Subtitle information generation for multimedia content has become increasingly important as the volume of audio and video content grows exponentially. While traditional methods relied on time-consuming and costly manual transcription, automated speech recognition technologies have emerged as potential solutions to streamline the process. However, current techniques may face numerous challenges that impact their effectiveness and reliability. These challenges may include varied accuracy due to factors, such as, poor audio quality, background noise, diverse accents, and regional dialects. Furthermore, the need to handle non-speech audio elements like music, sound effects, and ambient sounds, as well as accurately identify and attribute dialogue to multiple speakers, may add layers of complexity to the subtitle information generation process.
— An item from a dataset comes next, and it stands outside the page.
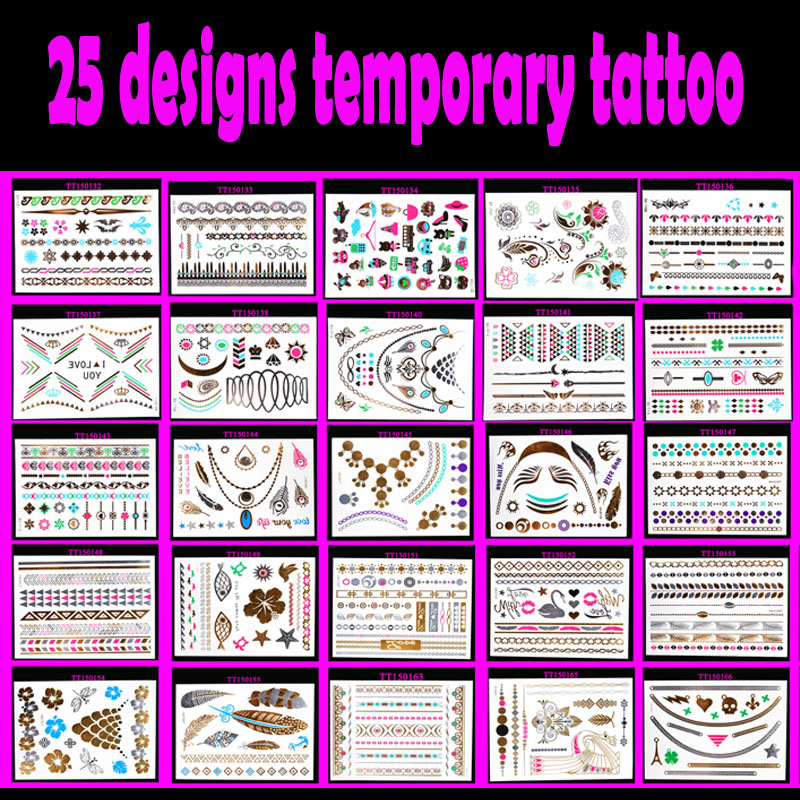 Temporary tattoo 25pcs/lot new design flash removable waterproof gold tattoo metallic tattoos sex product stickers body art 25-1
The management of subtitle files across various formats and delivery platforms, including streaming services, broadcast media, and on-demand content, may further complicate the workflow. These multifaceted challenges may underscore an ongoing need for innovative and robust solutions in the field of subtitle information generation.
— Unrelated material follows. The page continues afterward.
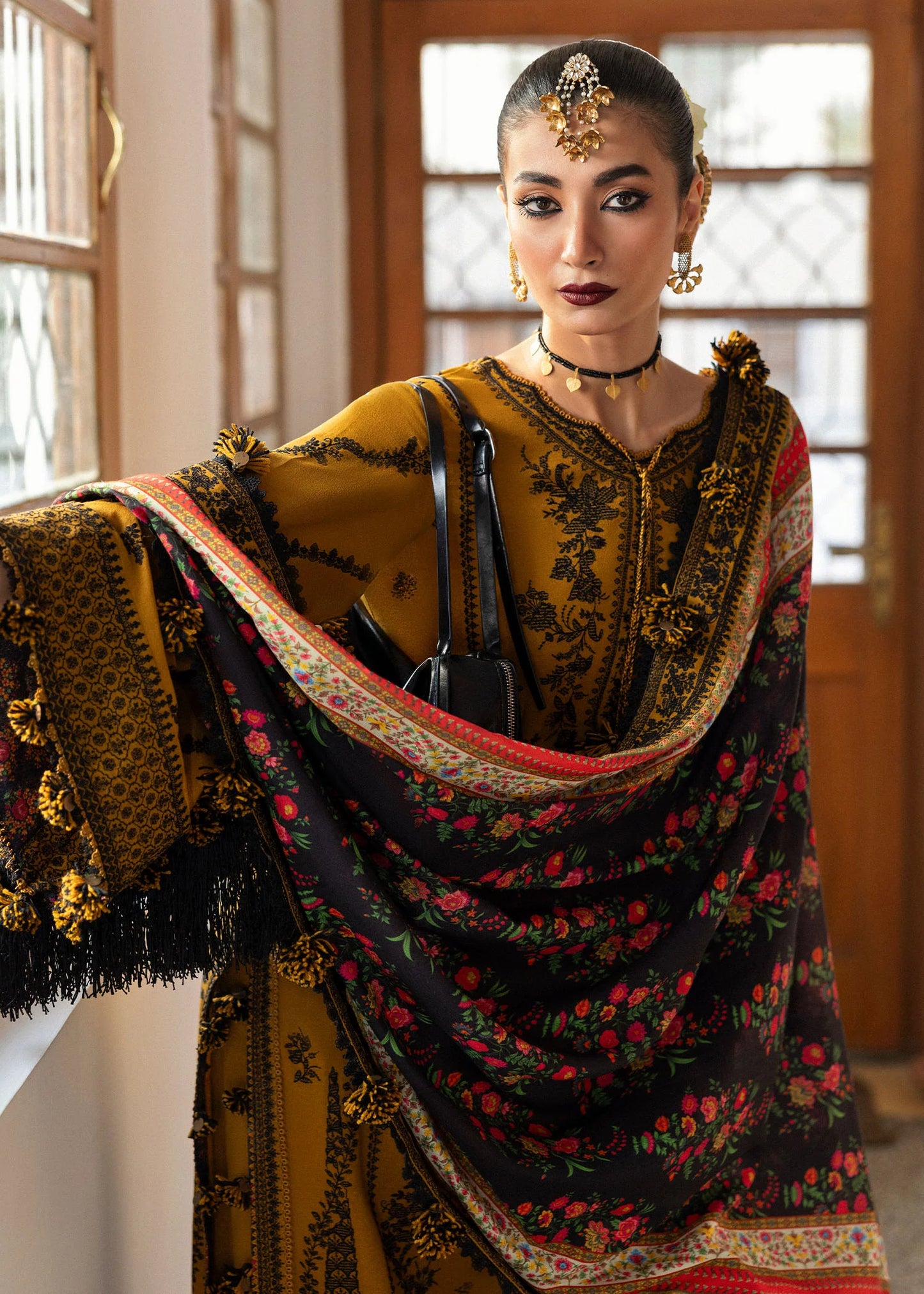 Hussain Rehar -3PC DHANAK EMBROIDERED SHIRT WITH COURTRAI WOOL PRINT SHAWL - zab1274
In order to address the above requirements, the present disclosure addresses limitations of conventional subtitle information generation methods, which often rely on manual processes that are time-consuming, costly, and prone to errors. Manual subtitle creation may also lead to delays in content release and increased production expenses. In contrast, the disclosed electronic device may automate the subtitle information generation process, that may potentially reduce turnaround times and costs and also improve accuracy and consistency. Additionally, the electronic device may implement a cloud-native microservice architecture for subtitle information generation. The electronic device may allow for better scalability, fault tolerance, and easier updates compared to existing monolithic subtitle systems. The microservices may handle various aspects of subtitle information generation, such as speech detection, speech recognition, speaker identification, profanity detection, and non-speech event classification. In some cases, the electronic device may include a feedback loop to fine-tune machine learning models based on human-verified subtitles. The microservice feature may enable continuous improvement of subtitle quality over time, that may potentially reduce a need for extensive manual editing and verification in the future. Further, the electronic device may support processing of full-length movie files, that may address the needs of media content providers dealing with large-scale subtitle information generation tasks. A capability of processing larger files may particularly be beneficial for streaming services, broadcasters, and other content distributors who handle a high volume of multimedia content. Based on a combination of advanced AI techniques with a flexible, cloud-native architecture, the disclosed electronic device may offer a comprehensive solution for automated subtitle information generation that may addresses the evolving needs of the media industry.

FIG. 1 is a block diagram that illustrates an exemplary network environment for artificial intelligence (AI) based speech and non-speech subtitle information generation for multimedia content, in accordance with an embodiment of the disclosure. With reference to FIG. 1, there is shown a network environment 100. The network environment 100 may include an electronic device 102, a first artificial intelligence (AI) model 104A, a second AI model 104B, a server 106, a database 108, a communication network 112, and a user device 114. As shown in FIG. 1, the electronic device 102 may include the first AI model 104A and the second AI model 104B. The electronic device 102 may be connected to the server 106 through the communication network 112. The server 106 may be coupled to the database 108, which may store the multimedia content 110. The user device 114 may also be connected to the communication network 112, which may allow communication of the user device 114 with the electronic device 102 and access to the server 106.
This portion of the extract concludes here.